Under the loans scheme, commercial banks can extend 10 trillion rupiah ($1.10 billion) in total at subsidised interest rates to plantations in the next four years.
   
Indonesia, the world second-biggest producer of rubber and palm oil and third-biggest for cocoa, said the loans carried fixed rates of 10%.
   
With commercial lending rates at up to around 16 per cent, the government covers the difference.
   
PT Bank Rakyat Indonesia, the country’s leading bank in rural areas, is expected to play a major role in the subsidised loan scheme which has so far received a healthy response from the plantation sector, Krisnamurthi said.
   
Official data indicates that about half of Indonesia’s 100 million labour force is employed in the agriculture sector.

Momentum 
  

“We have to capitalise on the momentum not just to resolve problems faced by the plantation sector, but also to fix the bigger economic problems so as to create employment opportunities”

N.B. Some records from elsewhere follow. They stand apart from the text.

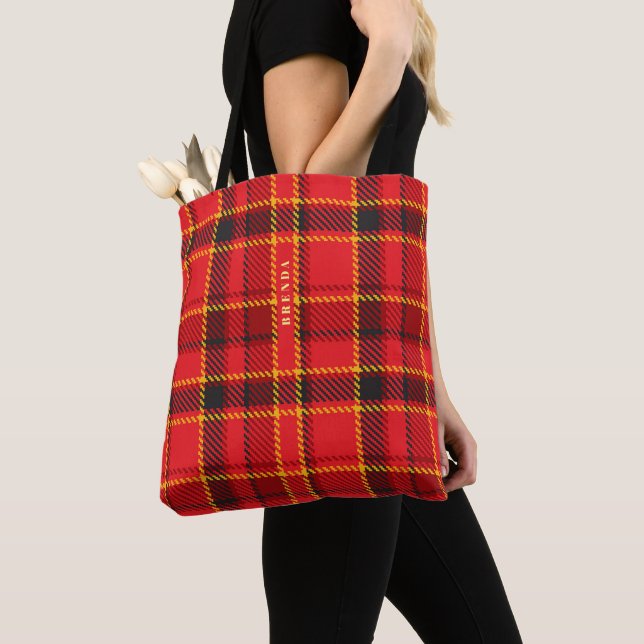 Tote Bag Monographie de motif rouge noir et jaune (De près)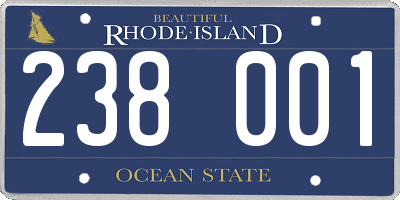 RI license plate 238001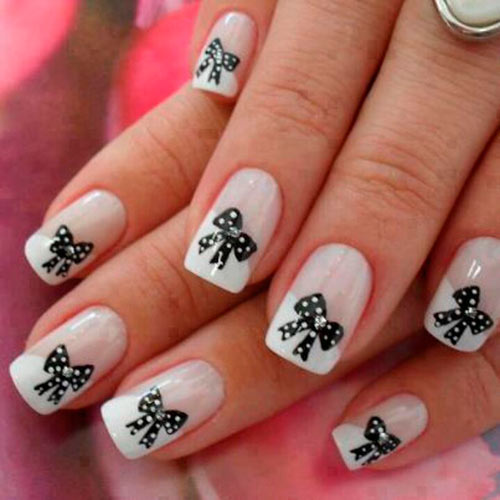 Simple Black Dotted Bow Nail Art Design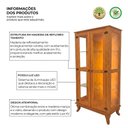 Ver imagem 2 de Cristaleira Bella Luna Madeira Maciça com LED 2 Portas de Vidro Vintage Clássica Castanho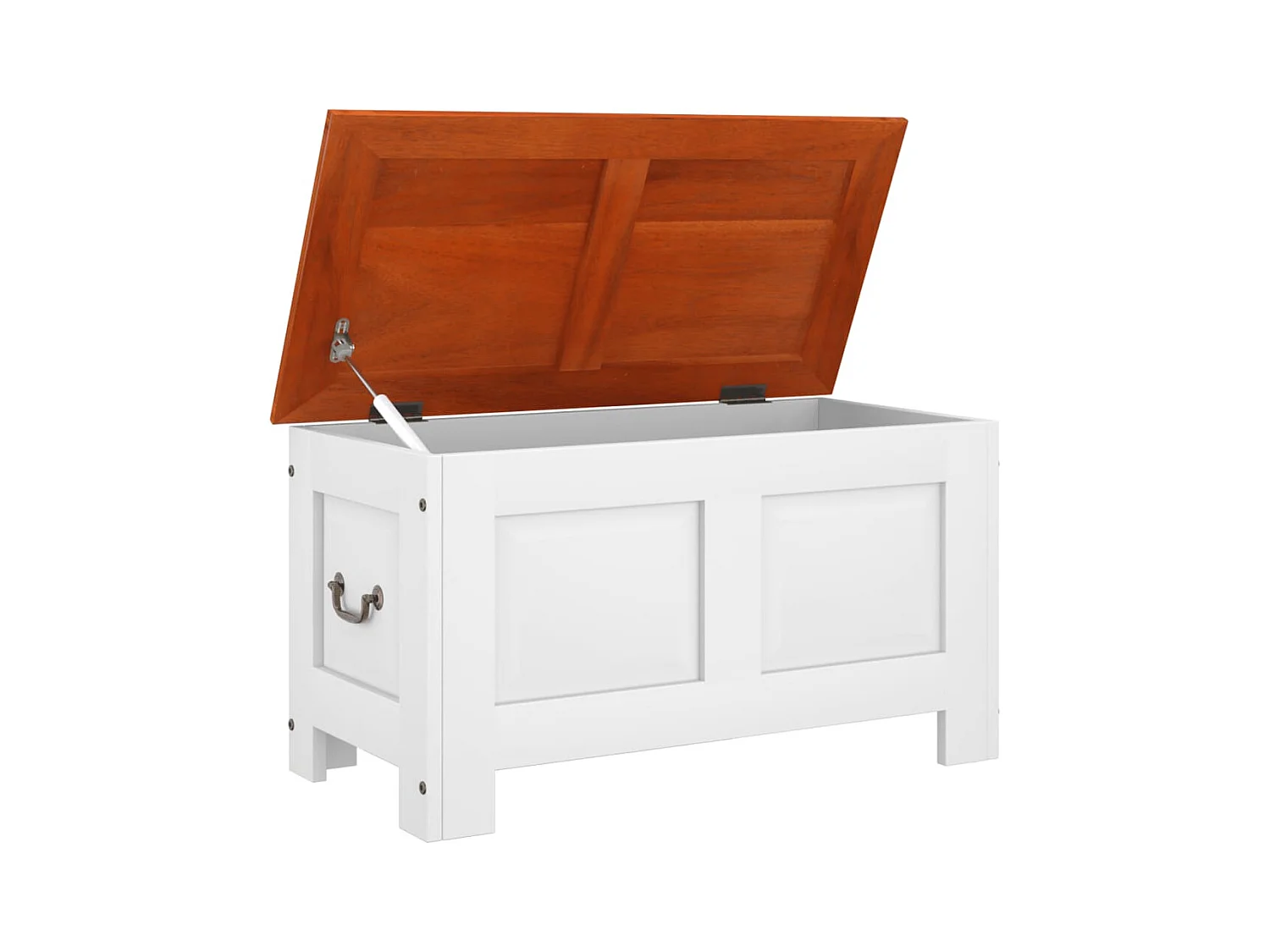 Coffre de rangement et couvercle marron et blanc bois d'acacia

Bayu Krisnamurthi, deputy minister at the chief economics ministry

Krisnamurthi said he was optimistic that the scheme would work as palm oil prices were expected to stay firm amid strong global demand for biofuel, while rubber prices were being boosted by high demand from the fast-growing economies of China and India.

“We have to capitalise on the momentum not just to resolve problems faced by the plantation sector, but also to fix the bigger economic problems so as to create employment opportunities,” Krisnamurthi said.

Indonesia’s unemployment is around 11 per cent, one of Asia’s highest rates.

Latest government data showed that the number of people living below the poverty line in Indonesia was 39 million in March, about 18 per cent of the popluation.

The number rose compared with February 2005 as prices of fuel and rice rose.
   
It set the poverty line at 152,847 rupiah ($16.8) a head per month, or about 56 US cents a day. Based on the more frequently used poverty line of $1 a day, the number of the poor would be much higher.